The market prices Brex's probability of IPO-ing before Ramp at 9%, but my analysis suggests the fair probability is closer to 4%. The critical factor is Capital One's announced $5.15B acquisition of Brex (announced Jan 22, 2026, expected to close mid-2026), which would eliminate Brex as an independent IPO candidate entirely. I estimate an 85-90% probability this deal closes successfully.

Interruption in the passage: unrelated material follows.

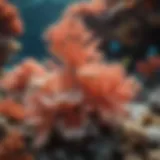 Vibrant coral formations showcasing biodiversity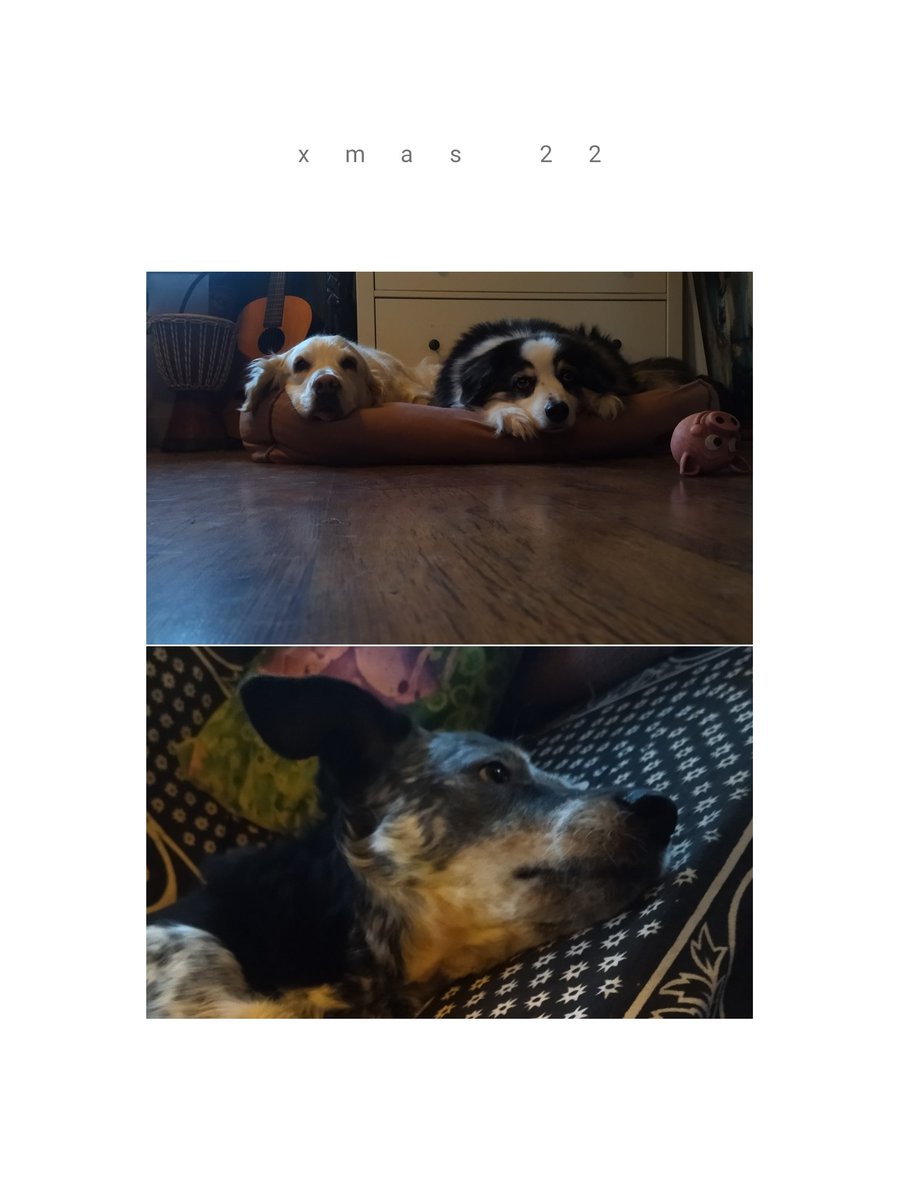 Zafirah, Tiva & Stitch wish you all peaceful holidays. And as Ricky Gervais would've put it: Be kind to animals.
Golden, Aussie & Blue Heeler (Healer)
#doglife https://t.co/kRSe1Nq1x1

Even in the 10-15% scenario where antitrust regulators block the deal (due to Capital One's recent $35B Discover acquisition raising concentration concerns), Brex would still need to overcome severe fundamental weaknesses (20% layoffs, strategic retreat, 58% valuation discount) and beat the vastly stronger Ramp ($32B valuation, $1B+ revenue, 54% YoY growth, positive FCF) to market. Conditional on deal failure, I estimate only 20-30% probability Brex IPOs first, yielding an overall 4% probability (0.12 × 0.30 = 0.036). The market appears to be either overestimating antitrust risk or underweighting Brex's competitive disadvantage relative to Ramp.
Reasoning.
Step-by-step analysis:
-
Base Case Assessment - Acquisition Closes Successfully (85-90% probability):
- Capital One announced a definitive agreement to acquire Brex on January 22, 2026 for $5.15B
- Deal expected to close mid-2026 (approximately 3 months from now as of March 8, 2026)

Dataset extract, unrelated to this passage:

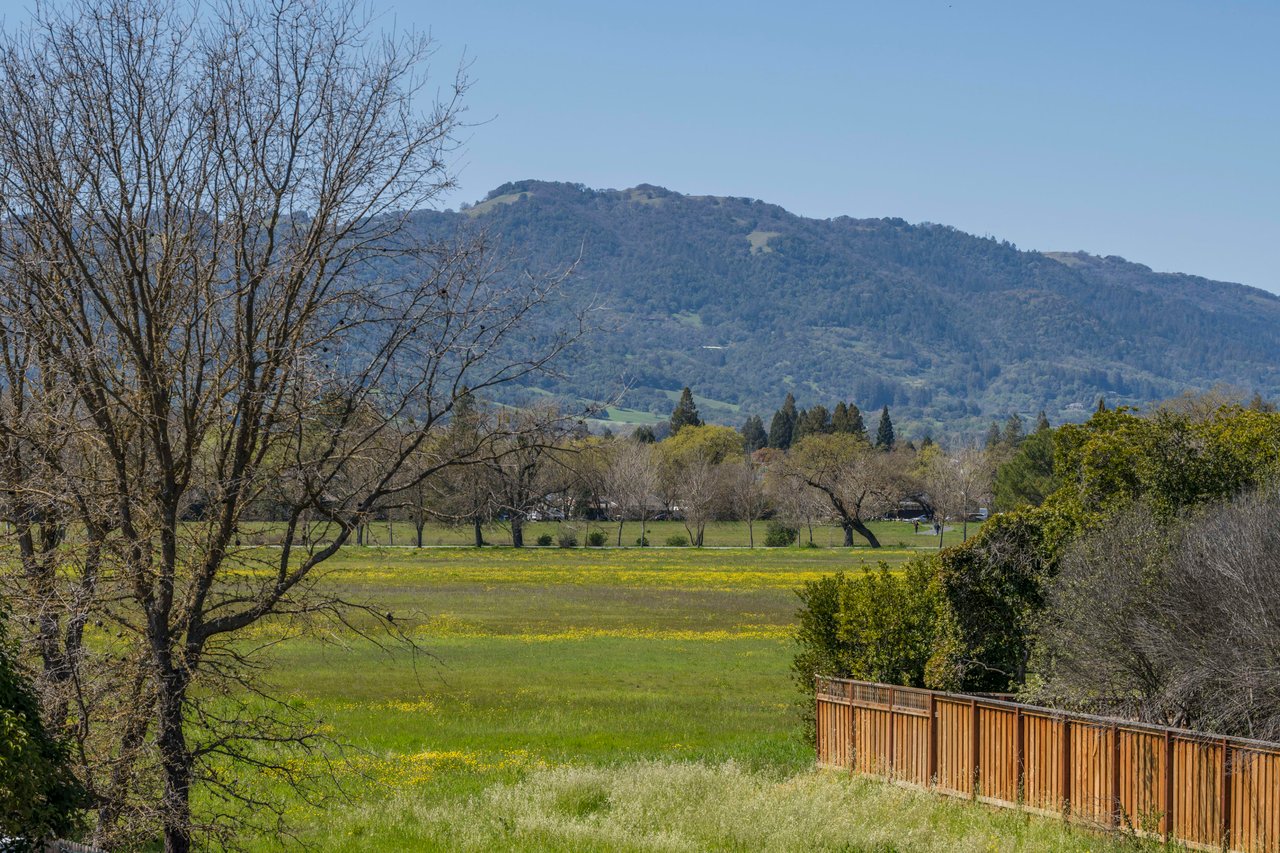 Sonoma Ice House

- If acquisition closes, Brex becomes part of a public company and will NOT conduct an independent IPO
- This scenario results in Ramp winning the "race" by default
-
Antitrust/Regulatory Block Scenario (10-15% probability):
- Capital One just completed a $35B Discover acquisition in 2025
- The combination of two major acquisitions may trigger heightened regulatory scrutiny
- Current regulatory environment post-2024 shows 5-15% blocking rates for fintech acquisitions by major banks
- However, Brex is significantly smaller ($5.15B vs $35B) and addresses a different segment (corporate cards/spend management vs consumer credit)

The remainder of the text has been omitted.